The Oxford English Dictionary marks this as "rare". This would be particularly in reference to British English, and in that, at least, I would agree. I have never heard it used in a legal context, and I work in law. Of course, it may be used in other English-speaking regions.


----------



## cuchuflete

It is less rare in AE, but still not common outside of legal matters, especially legislation, and some branches of academics.  It has two broad categories of meaning.  The more common one involves editing, and the other refers to framing something in writing.  I wouldn't use it with _report. _


----------



## konungursvia

In law, I would say redact, which sounds smart as it is French, as is all legal language except estoppel.


----------



## cuchuflete

konungursvia said:


> In law, I would say redact, which sounds smart as it is French, as is all legal language except estoppel.


 A mild exaggeration?  What's FR about _writ_ of _habeas corpus_?


----------



## DPELAYO

if you doubt which one to select to write or to redact a report, thinking in a logic way I would use _*Write a report*_, its the most useful way to express how to make a report.
Re..


----------



## bibliolept

DPELAYO said:


> if you doubt which one to select to write or to redact a report, thinking in a logic way I would use _*Write a report*_, its the most useful way to express how to make a report.
> Re..



In other words, if you mean write, write write.


----------



## Zvonda

Hello,
I am not sure I understand the highlighted part in the sentence below. Can you help?

_This document is a true and correct copy of the recorded document *minus any redacted portions.*_
Does it mean "without the parts that were taken out for some reason"? If this is so, it seems that it can no longer be a true and correct copy.


----------



## Cagey

Zvonda said:


> [*....*]
> Does it mean "without the parts that were taken out for some reason"? If this is so, it seems that it can no longer be a true and correct copy.

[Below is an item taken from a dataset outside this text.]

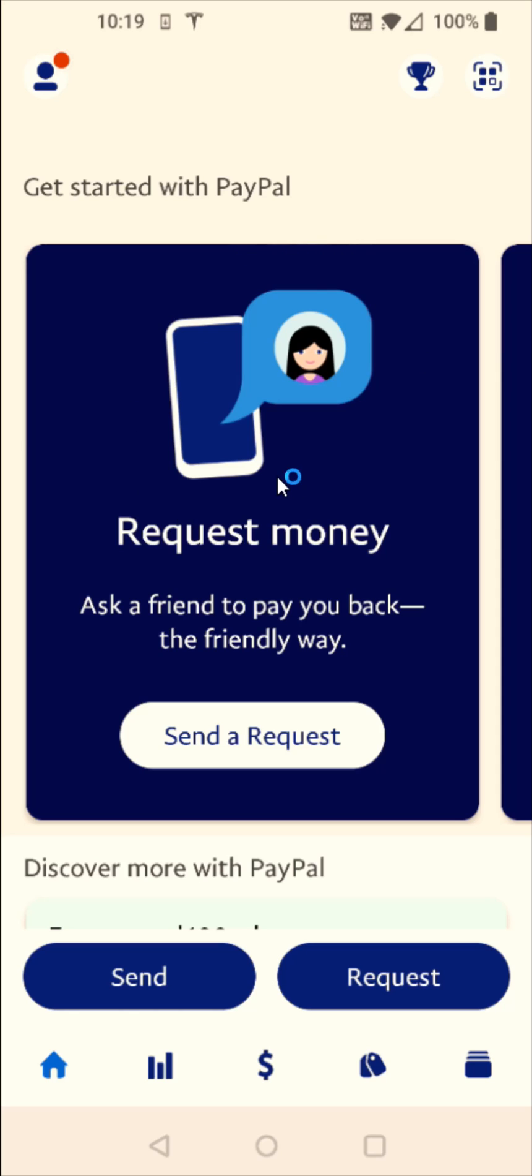And once we get to the homepage of our PayPal account, what we want to do is go down here to the bottom right-hand corner and click on the image that looks like a stack of cards.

Yes, it does mean that if any parts were redacted, they will not be there.  The claim is that what remains will be true and correct - that is, unchanged.  Whether you would consider the resulting a "true and correct copy" may be a matter of definition. It would depend, I suppose, partly on how much was redacted and how much it would have changed your understanding of what was left.


----------



## panjandrum

I find this sentence confusing.
Does it mean that any passage that was subject to change from the first draft has  been omitted?
Alternatively, does it mean that any passage that was drafted for inclusion in the document has been omitted?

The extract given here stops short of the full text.